By Robbie Ward
TUPELO – Plans to use city tax dollars to buy 17-22 properties in the West Jackson Street area for redevelopment likely will continue through November and part of December, leading to a public unveiling of a master plan for the neighborhood development project.
Earlier this year, the nonprofit Neighborhood Development Corporation partnered with the city of Tupelo to lead the redevelopment project of a key part of the city that saw property values plummet in a relatively short period of time. It also saw increased clusters of crime and concerns about blight spreading to nearby neighborhoods.
NDC recently requested a second $250,000 allocation of city money set aside to buy property for the project, preparing for a quick round of real estate purchases of property mostly along the 1100 block of West Jackson Street.
Last week the NDC board approved a contract with Tupelo architecture firm The McCarty Company to complete a master plan for the redevelopment project by mid-November. The conceptual plan will not be made public until December, after property acquisitions are likely complete, said NDC chairman Duke Loden.
One of the key parts of the master plan for the project includes what will happen to the city-owned eight-unit apartment complex at Jackson Street and Clayton Avenue, a property rife with criminal activity until the city bought the property. Initially, NDC board members said they planned to demolish the structure but then backed off when the group of mostly bankers and some real estate agents and other business people identified costs associated with tearing the building down.
Recent conversations have included transforming the notorious apartments into condos.
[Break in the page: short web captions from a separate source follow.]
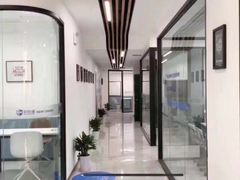 -新航道·雅思托福·Alevel AP·留学考研(光谷校区)
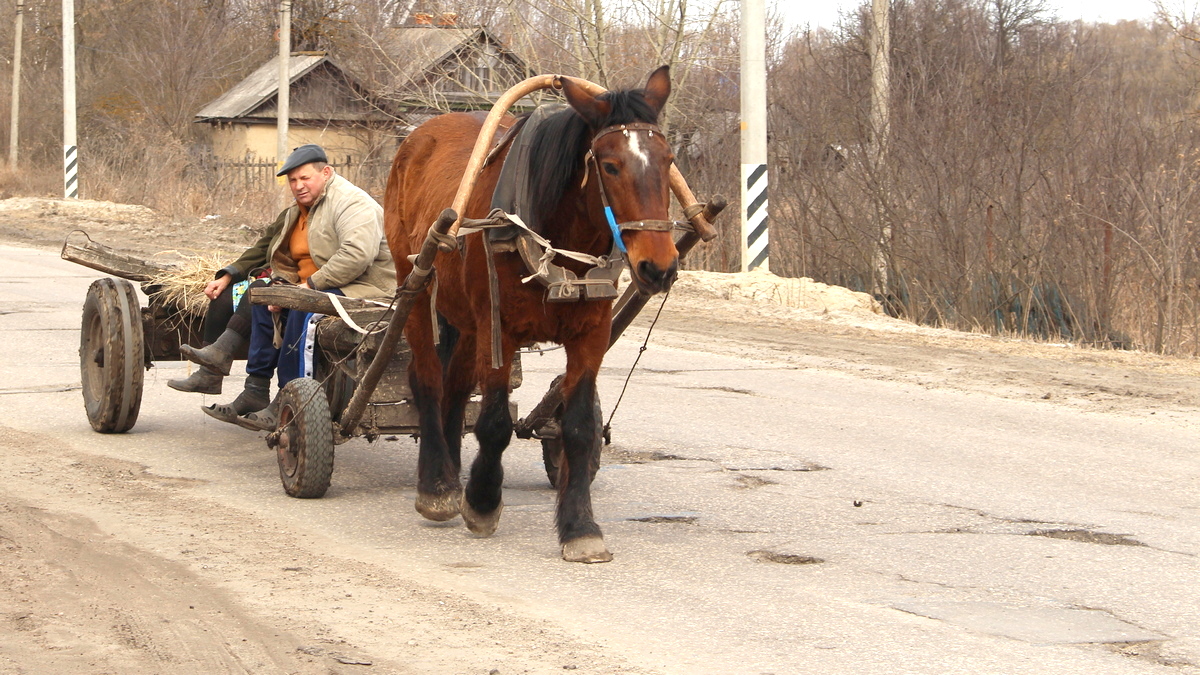 Хохол телега. Телега с лошадью. Лошади в деревне. Телега деревенская. Лошадь запряженная в телегу.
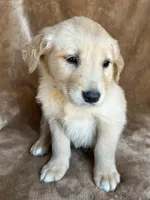 Leo , a male Golden Retriever for sale in Claypool, IN – Photo 2 of 5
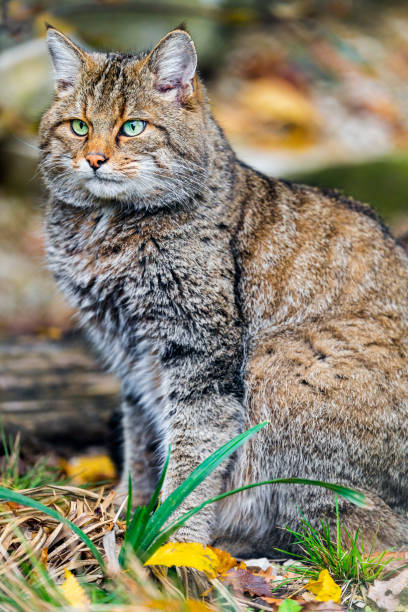 istock Close up an African wildcat 1455289261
However, Loden said NDC will leave the decision up to McCarty architects.
“Our board has been split on what to do with that property,” Loden said.
Loden and other NDC board members have been hesitant to reveal too much information about the city-funded project until property sales are complete, worried that too much information could influence efforts to buy property identified with the project.
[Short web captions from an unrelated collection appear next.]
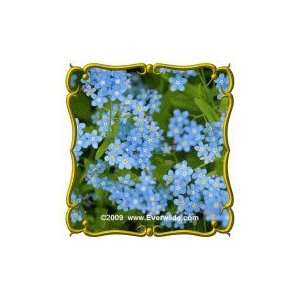  1/4 Lb   Chinese Forget Me Not   Bulk Wildflower Seeds 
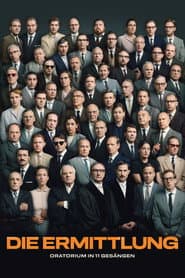 The Investigation poster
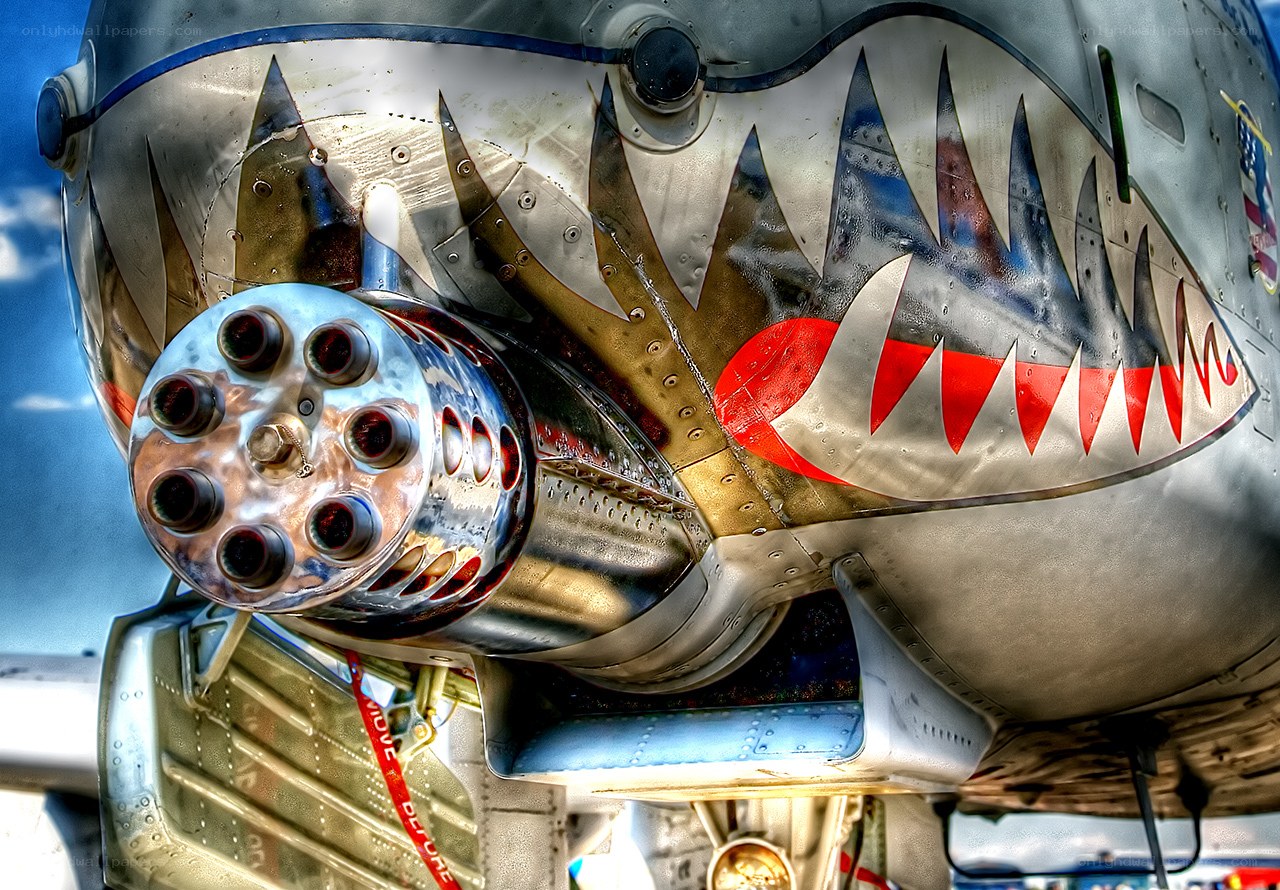 aircraft with shark mouth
The Tupelo City Council allocated close to $3 million for the project during Jack Reed Jr.’s administration as an effort to reverse trends of blighted neighborhoods in the city. Project funding is split for costs associated with buying property and infrastructure and aesthetic improvements in the area. After some houses bought are demolished, the NDC intends to sell the property to private developers to build houses for young families and retirees valued in the $90,000 to $120,000 range, Loden said.
Houses sold recently among the real estate included in the redevelopment project were bought in the $17,000 to $20,000 range, Loden said, a steep decline from the roughly $70,000 houses in the area sold for as recently as a decade ago.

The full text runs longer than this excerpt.